Reed Hundt, Former Chairman, Federal Communication Commission.
"A
next generation if universal broadband network will cost tens of
billions of dollars. But we know consumers will pay for the network,
over time, if the monthly user price is affordable and the applications
are attractive, and everyone is on the network. Therefore, to some
extent, this network, like the transportation and communication
services, since the telegraph and the first macadam roads, simply has to
be build in order to attract traffic, as opposed to waiting for unmet
demand to build before the network is build. After all, did America
wait to build roads until after every garage had a car? Not at all;
even while Ford's cars were pouring out of factories in the 1920s,
Secretary of Commerce Herbert Hoover used government leadership to build
a network of roads linking every town and city in the country.

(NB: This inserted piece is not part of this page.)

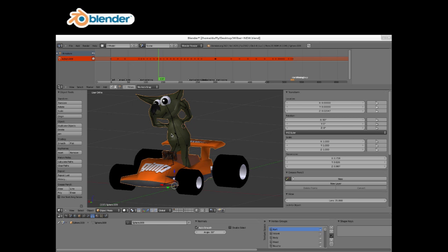Blender is amazing. It's a 3D modeling app. It does animation, rendering, all sorts of stuff. This is a model from Super Tux Kart, which features different open source mascots. This is Wilbur, the GIMP mascot.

Similarly, even while computer processing speeds continue to double
every couple of years and Internet applications consist of more and more
bits all the time, we need to extend and expand the underlying
communications networks so that they have the reach and capacity to the
advantage both of processing speeds and the complexity of volume of
Internet applications.
If
the government will help finance the network, in time it will recover
the cost, directly from the feeds paid by costumers, and indirectly from
the gains in technology and productivity that will be part of the
economy.
...
Technology
advances, and we can either use the combined forces of the government,
and the marketplace to make technological innovation available to all
Americas, or others will take the lead."